Task objective:
From the first line to the last, restate the records word for word, skipping the pictures.

Provided records:
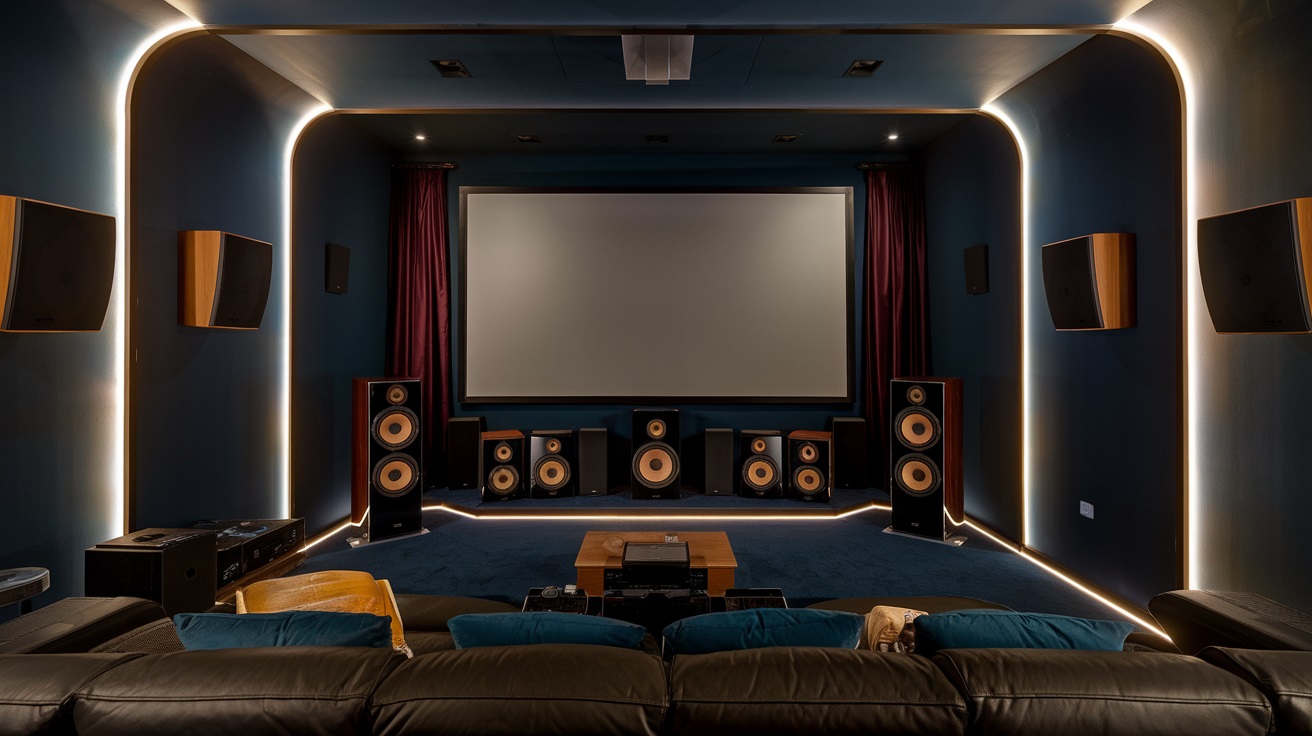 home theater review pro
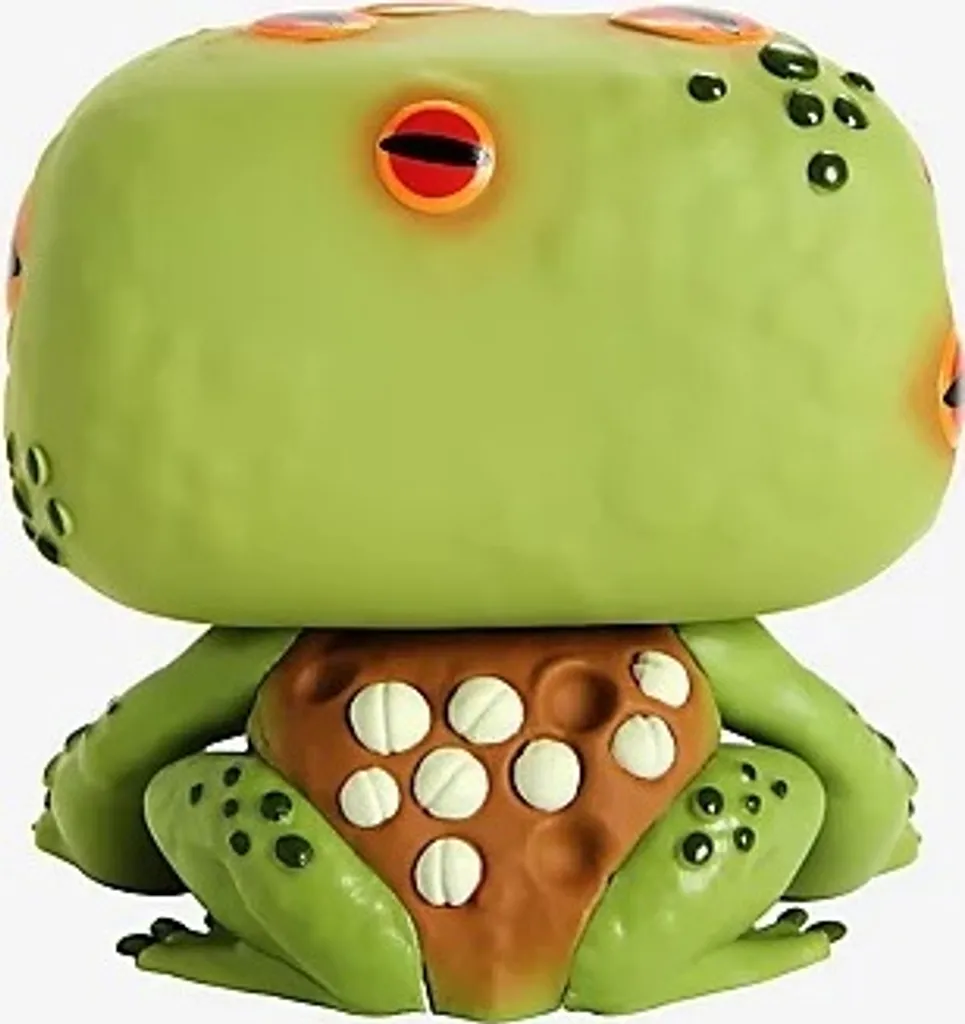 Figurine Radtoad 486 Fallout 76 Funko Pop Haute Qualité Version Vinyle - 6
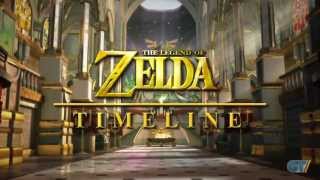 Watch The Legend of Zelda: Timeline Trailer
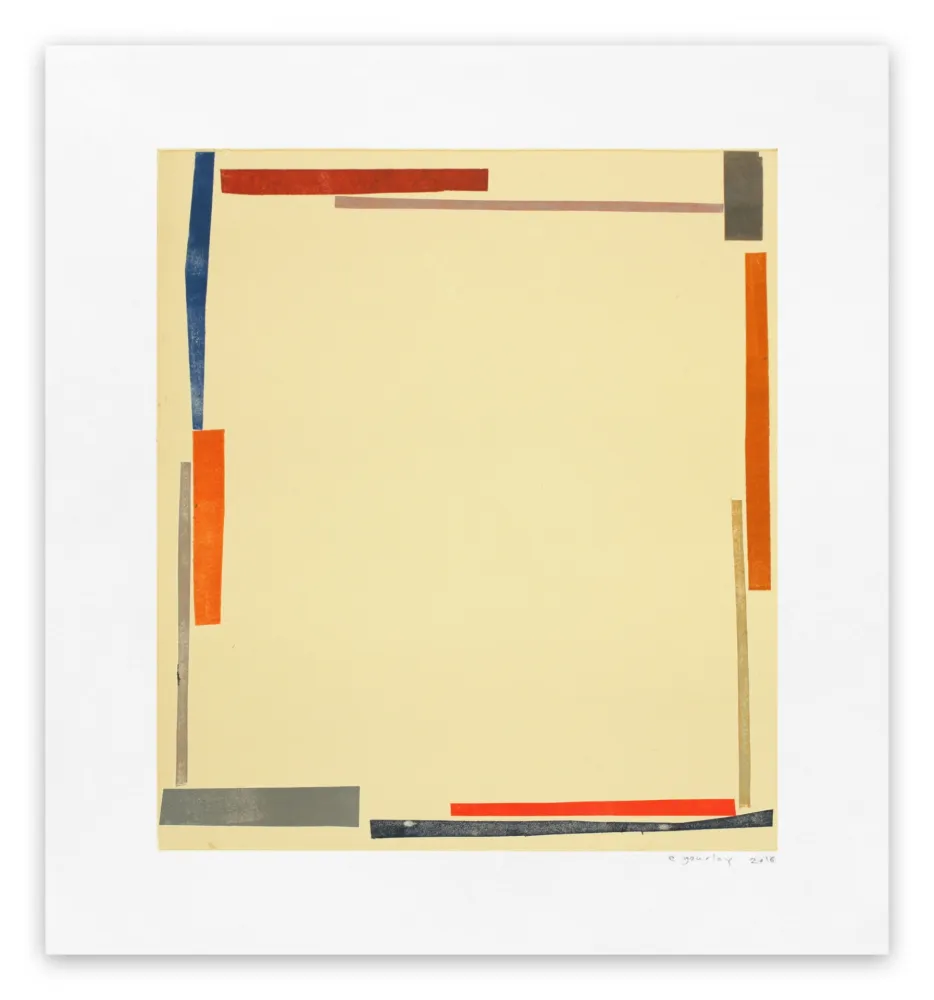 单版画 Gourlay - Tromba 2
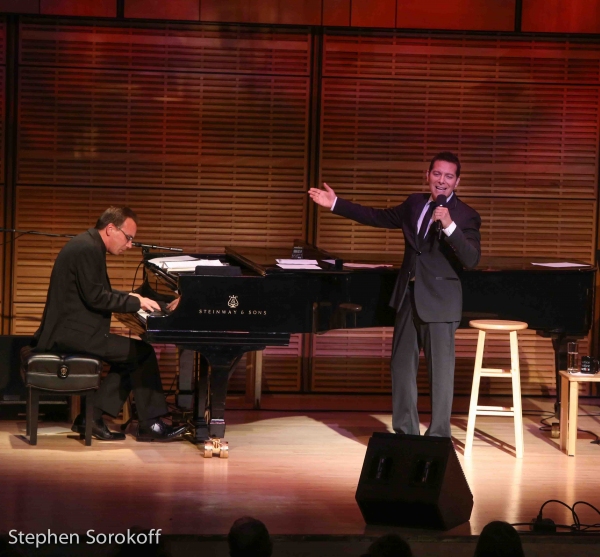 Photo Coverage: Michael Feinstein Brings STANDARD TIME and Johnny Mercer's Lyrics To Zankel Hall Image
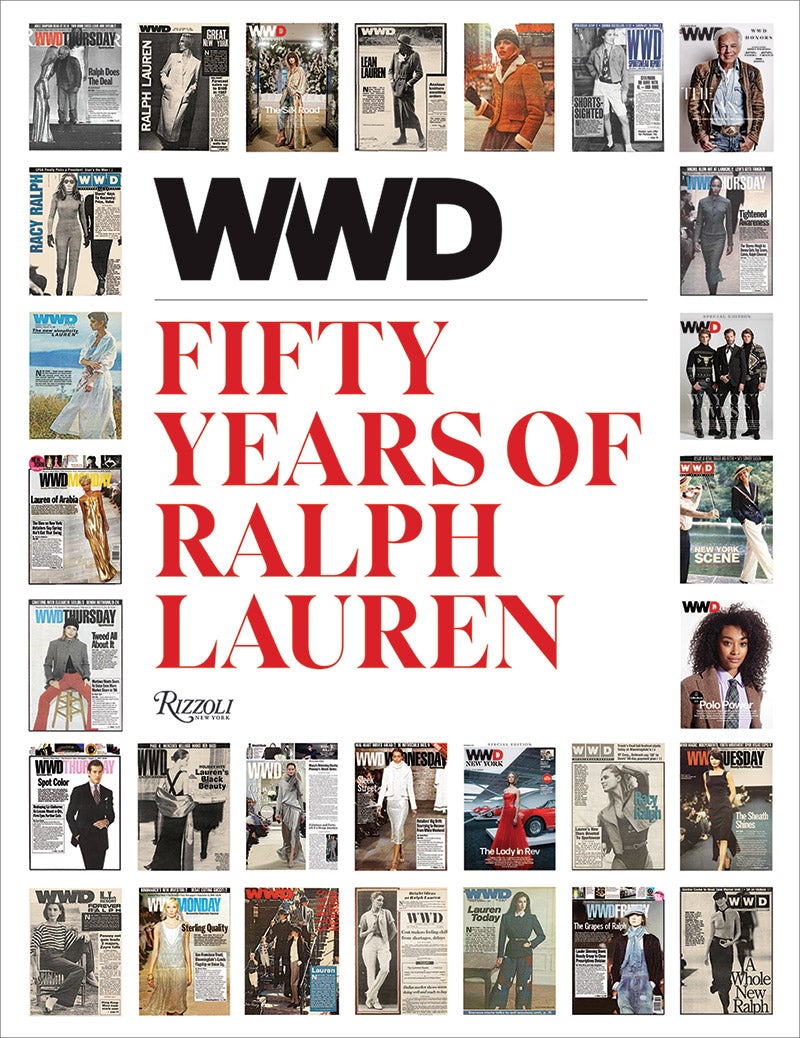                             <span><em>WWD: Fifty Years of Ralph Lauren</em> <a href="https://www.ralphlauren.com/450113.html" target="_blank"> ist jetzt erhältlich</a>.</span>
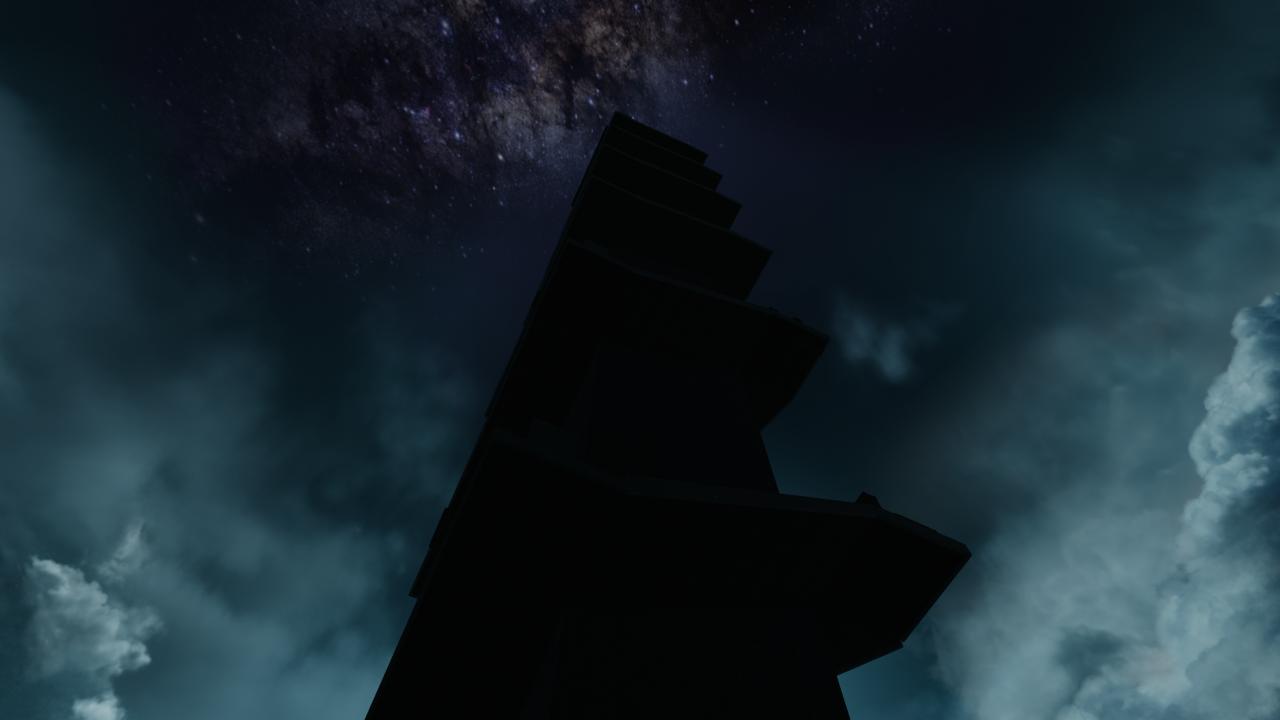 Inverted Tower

Answer section:
 home theater review pro
 Figurine Radtoad 486 Fallout 76 Funko Pop Haute Qualité Version Vinyle - 6
 Watch The Legend of Zelda: Timeline Trailer
 单版画 Gourlay - Tromba 2
 Photo Coverage: Michael Feinstein Brings STANDARD TIME and Johnny Mercer's Lyrics To Zankel Hall Image
                             <span><em>WWD: Fifty Years of Ralph Lauren</em> <a href="https://www.ralphlauren.com/450113.html" target="_blank"> ist jetzt erhältlich</a>.</span>
 Inverted Tower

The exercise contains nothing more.